Thursday, June 24, 2010

My Big Idea part 1

So I have been looking at Biblical education through the eyes of a professional educator (even though I am not a professional educator per say). In this experiment, I have used a technique that I totally believe in, called scaffolding. If you are not up on ed lingo, you probably think of scaffolding as that thing you use to paint a house. Well, the technique is similar to that thing used to paint a house. You build a base level and stand on it. Then you build a level on that and stand on that. Then you build a level up and stand on that. So on and so forth as you move upward. It works in a similar fashion in education. Let's use math for example. First you learn to count. From there you learn simple addition, then more complex addition. Then you learn subtraction, then more complex subtraction. Without learning addition and subtraction, you can't learn to multiply or divide by hand. Without knowing those functions, you can't do algebra, which you need to do trig, which builds to calculus.

What if we apply this same concept to Christian Discipleship? What would we build on? Naturally we start with the revelation of who God is, and I believe we best learn about the person of God the Father in the Old Testament. We also learn about the law, and who we are as humans, sinners. We don't grasp the full weight of sin apart from the Law. We are so far from the standard God has set for us, we can never come to God on our terms. God is powerful, above all and preeminent. I think one of the short comings of the modern church teachings is that we haven't communicated how from God all of humanity is. We have projected an image that we in the church are perfect, that we have the answers, we are right and everyone else is wrong. The Old Testament shows us how wrong we ALL are. The Nation of Israel, God's chosen people, continually break the covenant and are punished for it. They go into exile because of their sin, why should we think we are any different. Many of us, in church or out of church live a life as pagan as they did before the exile. We worship anything that causes distance between us and God. Usually, we worship happiness, we worship what we think we want, or what we think will make us complete (happy).
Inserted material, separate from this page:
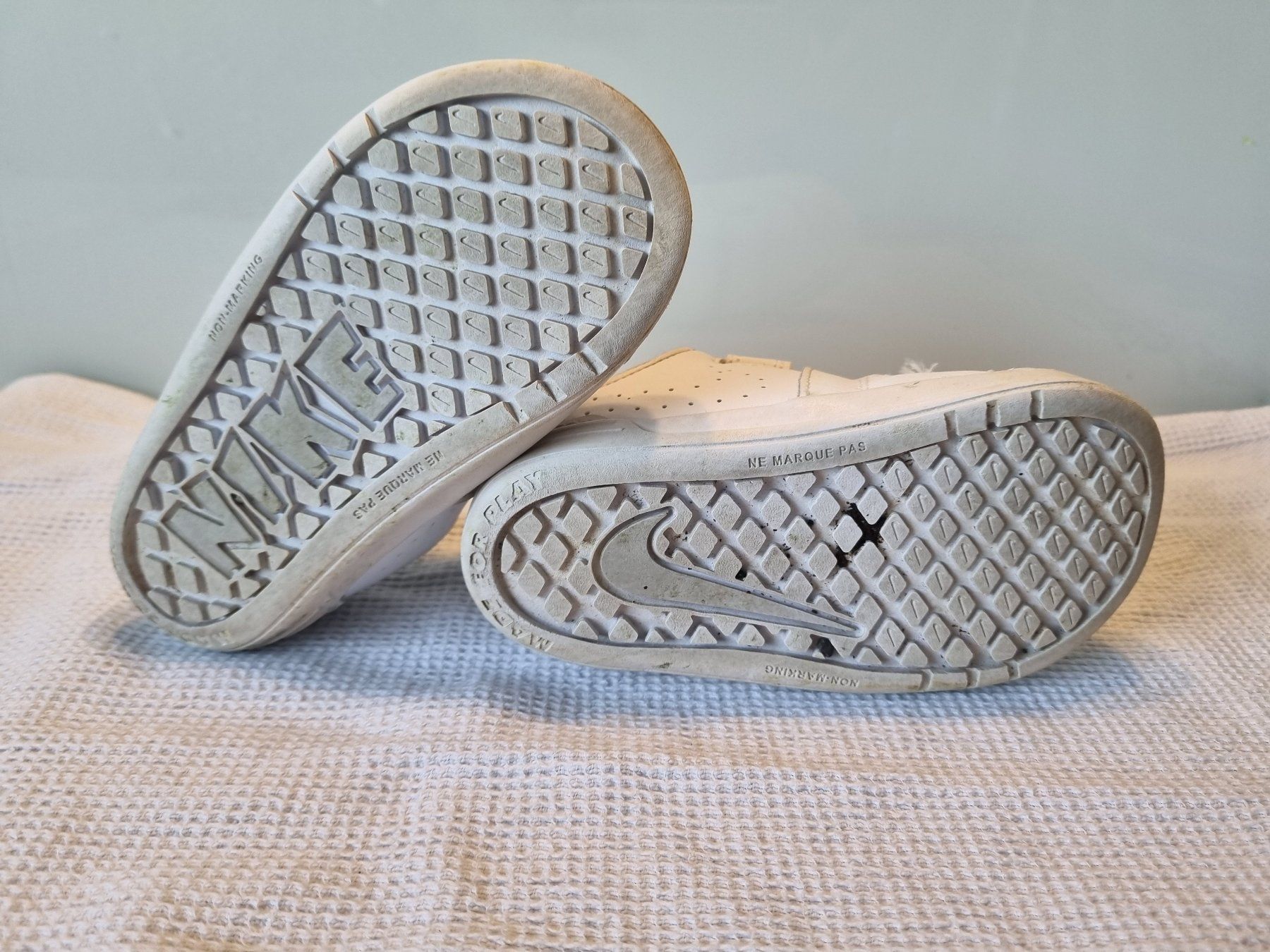 Nike Scarpe per ragazzi: Nike Turnschuhe, weiss. Grösse 23.5 – Usato da Hinterkappelen venduto da Anbal 1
We find grace in the Old Testament, but more than that, we find grace personified in the New Testament in the man Jesus Christ. He is 100% God who came to earth as 100% man. He lived the sinless life, a life that measures up to God's standard, and died in my place. Because He died in my place, He takes my punishment and I take His standing before God. We call this Substitutionary Atonement, He paid the debt in my place. We see this clearly through the whole cannon of scripture. Creation, fall, the law, futility and failure, Christ, His sacrifice, His resurrection, the gift of Salvation, the Holy Spirit, the Great Commission, the Church. The process as a whole is important, so this is where my big idea comes in.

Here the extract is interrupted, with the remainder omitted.